Just a minor one Hal, but there is a definite difference of opinion between the geologists and the production facility guys (like me!) on the definition of wet gas :o)

Here's my take on it.

Full well effluent = gas(es) + condensate + formation water (super-salt-saturated / carbonate buffered) + condensed water; tends to be highly corrosive; water is treated and dumped to ground/sea or re-injected for environmental compliance reasons; salt is useful for hydrate prevention, but not much else!
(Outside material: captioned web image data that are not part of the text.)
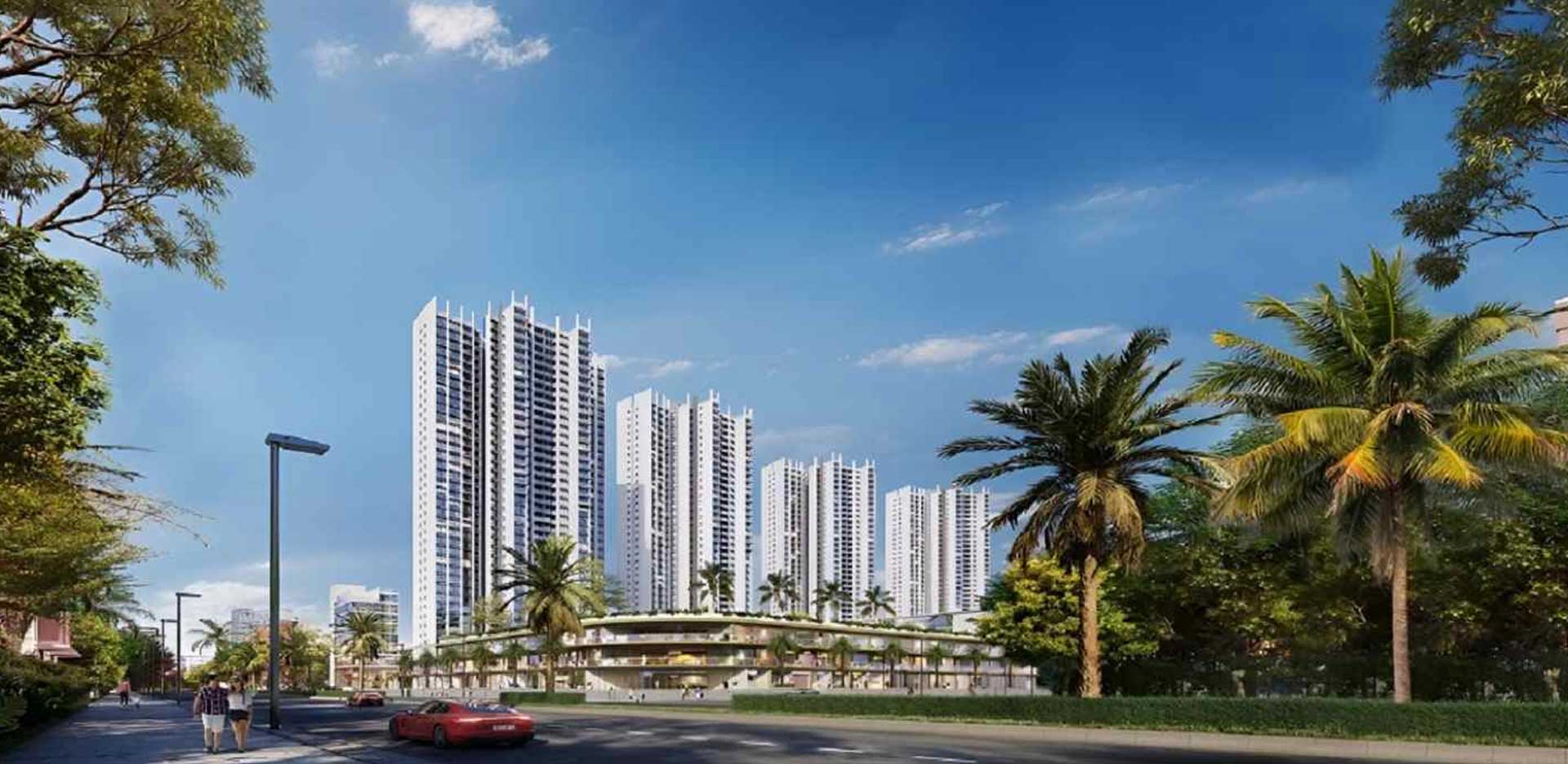  Provident Ecopolitan At Aerospace Park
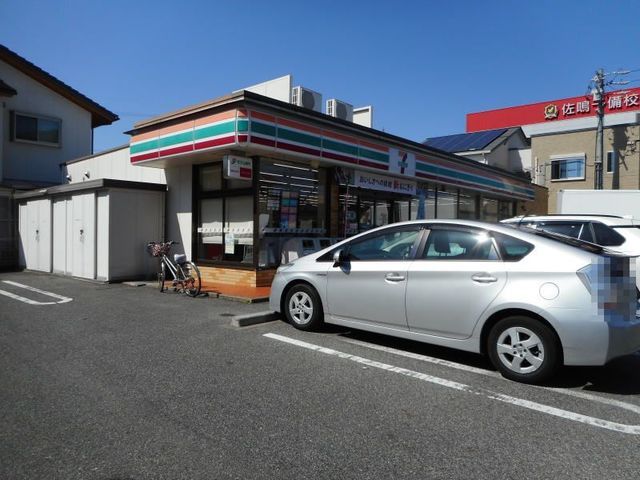 近くのセブン‐イレブン 岡崎寿町店まで650m（徒歩9分）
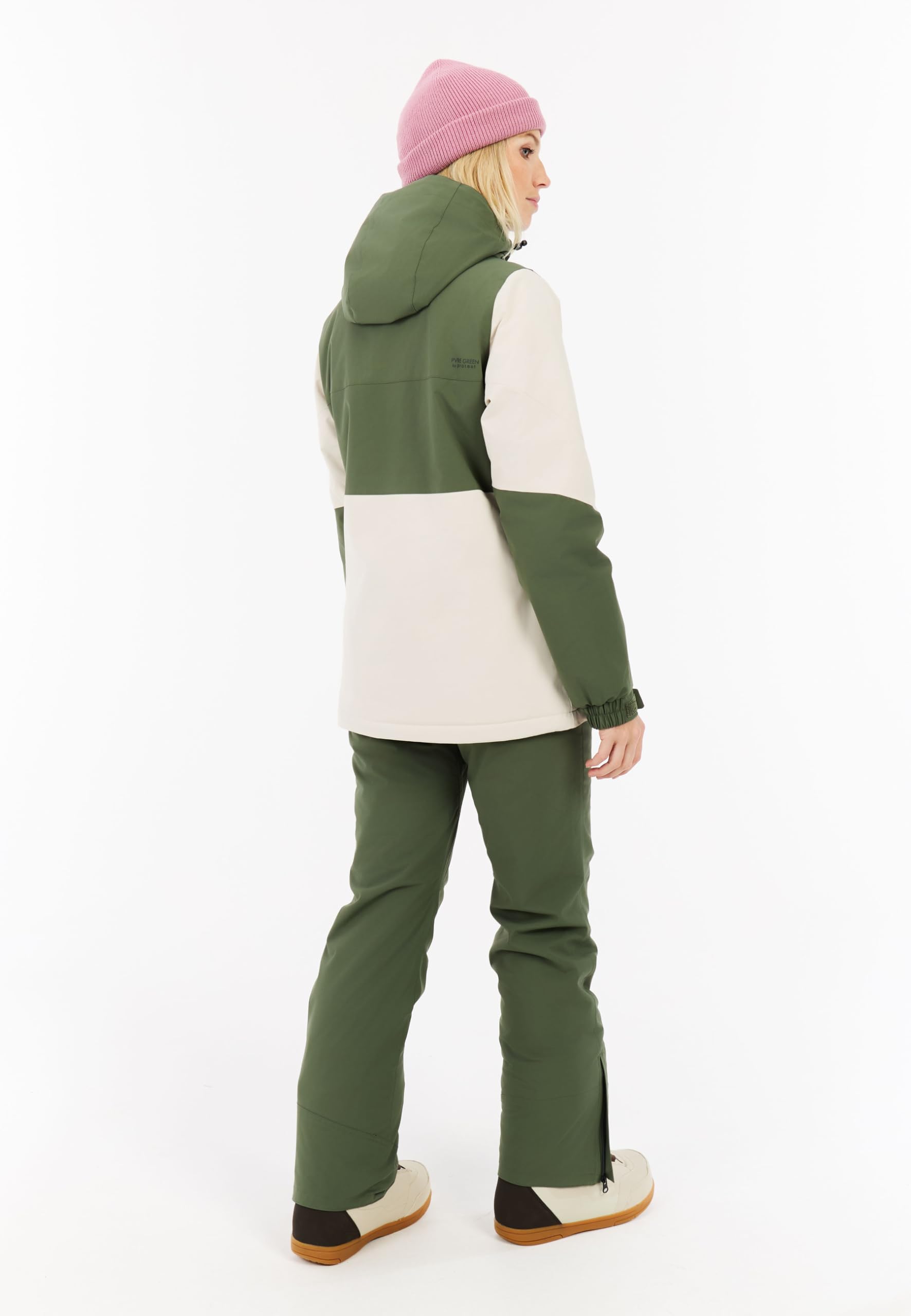 Protest Damen Ski- Und Snowboardjacke PRTFall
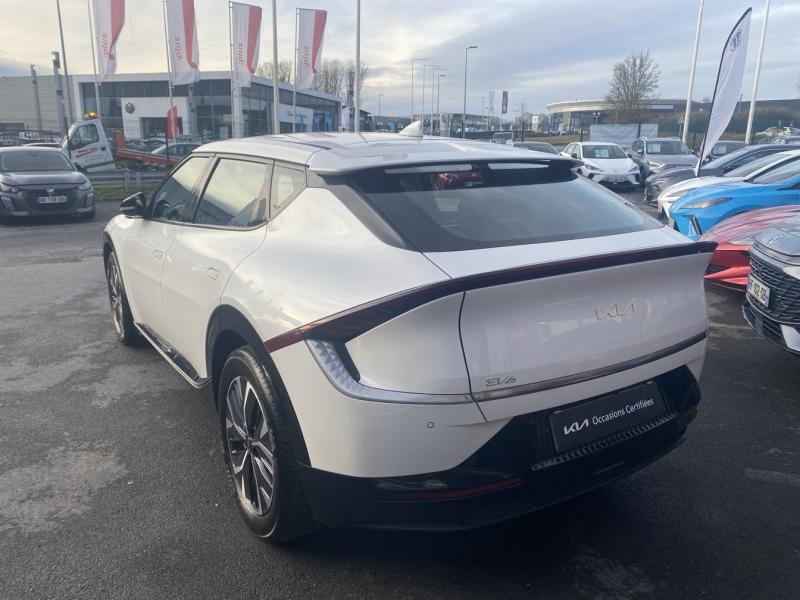 Image KIA EV6 229ch Air Design 2WD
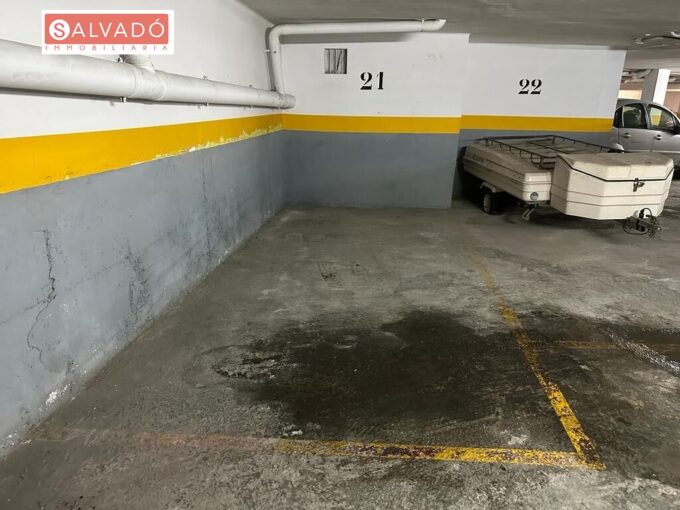 VENTA DE PARKING EN CALAFDELL PUEBLO !!!_1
Wet gas = gas + condensate + condensed water; low pH; transported to treatment centre from satellite well; normally combined with methanol or glycol for hydrate prevention; pH stabilizer / film former is used for corrosion control.

Dry gas = gas + condensate only; dehydrated using glycol in a column (glycol is regenerated in another module - http://www.prosernat.com/en/processes/gas-dehydration/drizo/), suitable for export/sale, can be trasported in trunk lines with condensate, no risk of hydrate, corrosion control only.

Cheers,
mmw

drillernic 11 Dec 2009 , 10:48pm

For most of the upstream industry, dry gas is gas that won't cross the gas/ liquid phase boundary as it moves from the reservoir to the wellhead, and wet gas is gas that will... if it crosses the phase boundary in the reservoir you get light oil ('condensate') forming in the reservoir, loosing valuable oil, but also causing condensate banking, where the liquid blocks the pores to gas flow to the wellbore; if the liquid condensates in the wellbore you get slugging. Wet gas (AKA condensate feilds) can be expensive to develop- you need additional wells to re-inject dry gas into the reservoir to maintain pressure to stop condensate banking, but the condensate itself is very valuable.

Downstream facilities guys like MMW above, talk of dry gas being export quality gas that won't hurt their pipelines and wet gas being anything else!